This was written by cognitive scientist Daniel Willingham, professor and director of graduate studies in psychology at the University of Virginia and author of “Why Don’t Students Like School?” His newly published book is “When Can You Trust The Experts? How to tell good science from bad in education.” This appeared on his Science and Education blog.

By Daniel Willingham

When I first saw yesterday’s New York Times op-ed, I mistook it for a joke. The title, “Is algebra necessary?” had the ring of Thurber’s classic essay, “Is sex necessary?”, a send-up of psychological sex manuals of the 1920s.


His arguments:

* A lot of students find math really hard, and that prompts them to give up on school altogether. Think of what these otherwise terrific students might have achieved if math hadn’t chased them away from school.

* The math that’s taught in school doesn’t relate well to the mathematical reasoning people need outside of school.

His proposed solution is the teaching of quantitative skills that students can use, rather than a bunch of abstract formulas, and a better understanding of “where numbers actually come from and what they actually convey,” e.g., how the consumer price index is calculated.

For most careers, Hacker believes that specialized training in the math necessary for that particular job will do the trick.

What’s wrong with this vision?

The inability to cope with math is not the main reason that students drop out of high school. Yes, a low grade in math predicts dropping out, but no more so than a low grade in English. Furthermore, behavioral factors like motivation, self-regulation, social control (Casillas, Robbins, Allen & Kuo, 2012), as well as a feeling of connectedness and engagement at school (Archambault et al, 2009) are as important as GPA to dropout. So it’s misleading to depict math as the chief villain in America’s high dropout rate.

What of the other argument, that formal math mostly doesn’t apply outside of the classroom anyway?

The difficulty students have in applying math to everyday problems they encounter is not particular to math. Transfer is hard. New learning tends to cling to the examples used to explain the concept. That’s as true of literary forms, scientific method, and techniques of historical analysis as it is of mathematical formulas.

The problem is that if you try to meet this challenge by teaching the specific skills that people need, you had better be confident that you’re going to cover all those skills. Because if you teach students the significance of the Consumer Price Index they are not going to know how to teach themselves the significance of projected inflation rates on their investment in CDs. Their practical knowledge will be specific to what you teach them, and won’t transfer.

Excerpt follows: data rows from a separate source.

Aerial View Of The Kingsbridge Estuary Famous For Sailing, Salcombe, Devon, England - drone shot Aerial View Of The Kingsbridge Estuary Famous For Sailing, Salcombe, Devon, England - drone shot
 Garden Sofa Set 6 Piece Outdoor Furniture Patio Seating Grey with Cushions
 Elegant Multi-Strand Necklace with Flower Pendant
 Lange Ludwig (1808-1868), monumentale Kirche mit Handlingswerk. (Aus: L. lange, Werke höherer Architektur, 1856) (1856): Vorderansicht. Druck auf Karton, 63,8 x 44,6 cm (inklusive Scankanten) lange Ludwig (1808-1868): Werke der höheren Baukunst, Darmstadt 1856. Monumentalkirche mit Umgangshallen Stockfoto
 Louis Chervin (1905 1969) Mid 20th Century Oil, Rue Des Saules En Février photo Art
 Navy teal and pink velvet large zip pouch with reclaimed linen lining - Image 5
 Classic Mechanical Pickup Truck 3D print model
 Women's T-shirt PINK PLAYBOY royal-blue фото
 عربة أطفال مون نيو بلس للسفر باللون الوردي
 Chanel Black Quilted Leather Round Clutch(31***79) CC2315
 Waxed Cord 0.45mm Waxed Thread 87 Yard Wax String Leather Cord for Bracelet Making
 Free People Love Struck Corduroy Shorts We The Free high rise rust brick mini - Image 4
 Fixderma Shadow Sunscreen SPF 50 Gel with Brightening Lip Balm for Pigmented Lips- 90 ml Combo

The best bet for knowledge that can apply to new situations is an abstract understanding — seeing that apparently different problems have a similar underlying structure. And the best bet for students to gain this abstract understanding is to teach it explicitly. (For a discussion of this point as it applies to math education in particular, see Anderson, Reder, & Simon, 1996).

But the explicit teaching of abstractions is not enough. You also need practice in putting the abstractions into concrete situations.

Hacker overlooks the need for practice, even for the everyday math he wants students to know. One of the important side benefits of higher math is that it makes you proficient at the other math that you had learned earlier, because those topics are embedded in the new stuff. (e.g., Bahrick & Hall, 1991).

So I think there are excellent reasons to doubt that Hacker’s solution to the transfer problem will work out as he expects.

What of the contention that math doesn’t do most people much good anyway?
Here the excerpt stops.